X

Google's Tacotron 2 Text-To-Speech Tech Sounds Like A Human

Google recently wrapped up the development of Tacotron 2, the next generation of its text-to-speech technology that the company has been perfecting for years, as revealed by a research paper authored by the firm’s engineers and scientists that’s presently awaiting a peer review. The Mountain View, California-based tech giant managed to bring its solution to the point that it’s hardly distinguishable from an actual human voice, with the underlying principles of the platform still being the same as the system continues to rely on two simultaneously running neural networks.

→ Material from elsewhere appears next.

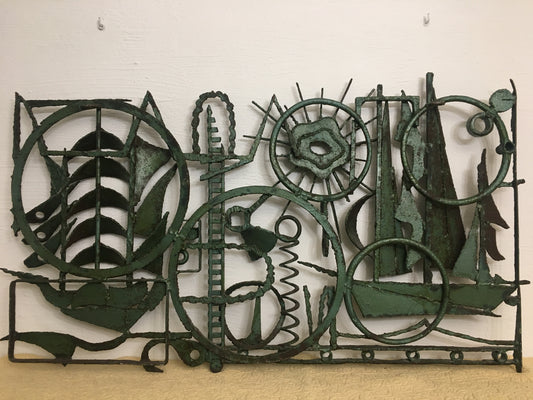 Seascape Themed Iron Sculpture Signed A. Melia, Architectural Wall Art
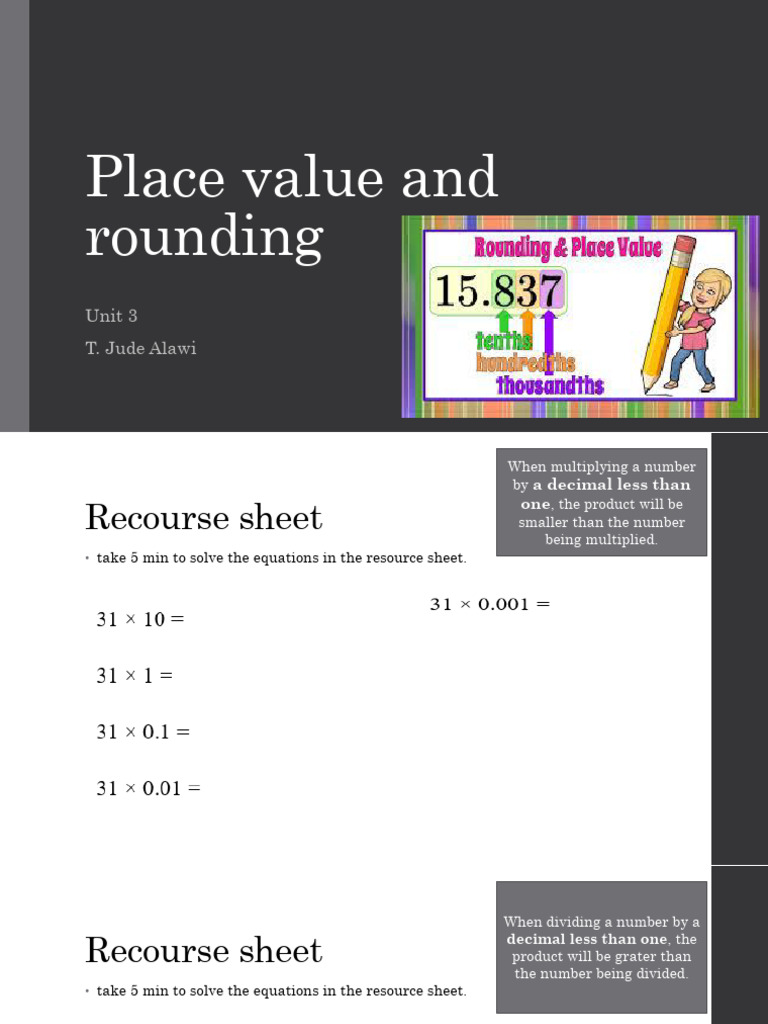 Place Value and Rounding | PDF | Accuracy And Precision | Mathematical ...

The first network is tasked with turning ordinary text into a spectrogram, a visual representation of audio frequencies associated with whatever piece of writing the tech is told to dictate. Its results are then imported into another neural network called WaveNet which was developed by Google’s British AI subsidiary DeepMind. WaveNet is already powering the English and Japanese versions of the Google Assistant and is set to soon expand to other variants of the AI service, being touted as the cutting-edge text-to-speech solution second to none. The main advantage WaveNet has over its alternatives is its ability to function as a standalone service that neither needs nor wants access to a large database of pre-recorded sounds. Instead, the technology generates its own sounds based on spectrograms fed to it by the first neural network backing Tacotron 2, with the end result of its efforts usually being indistinguishable from an actual human voice. The research paper linked below contains some links leading to examples of the solution’s capabilities.

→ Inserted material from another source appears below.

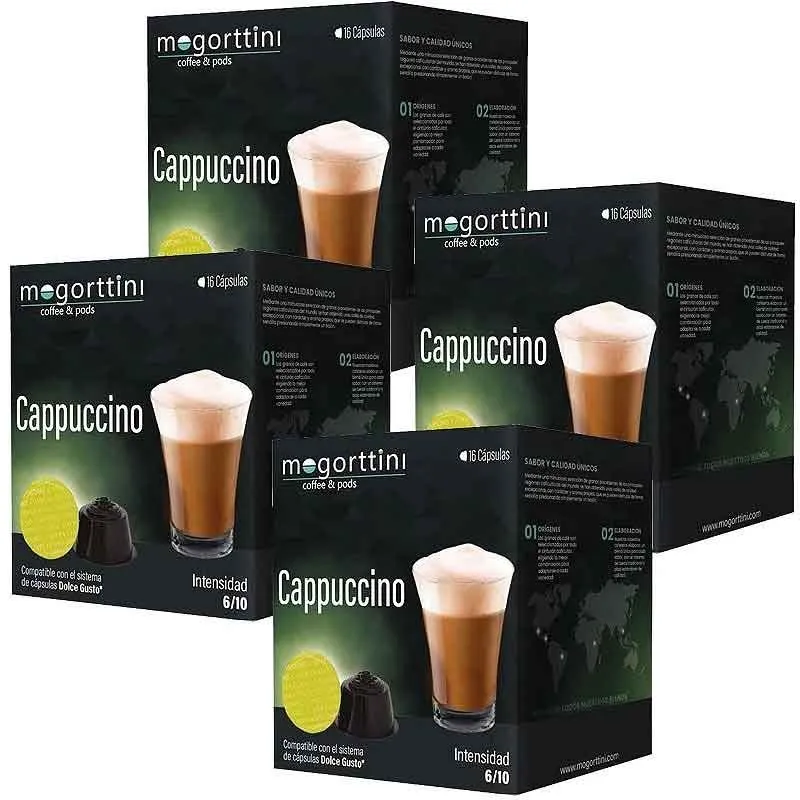 Cappuccino Mogorttini 4 boîtes de 16 capsules compatibles Dolce Gusto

Besides the order of words, Tacotron 2’s enunciation is also based on punctuation and capitalization, with the solution hence being able to infer the importance of particular words and use these conclusions to decide whether to stress them or quickly go over them, much like an actual person would. The main drawback of the current technology is the lack of customization as it only supports a single female voice in its most advanced state. Adding more voices to the equation would require extensive retraining efforts on DeepMind’s part, though such endeavors are likely to start in the future.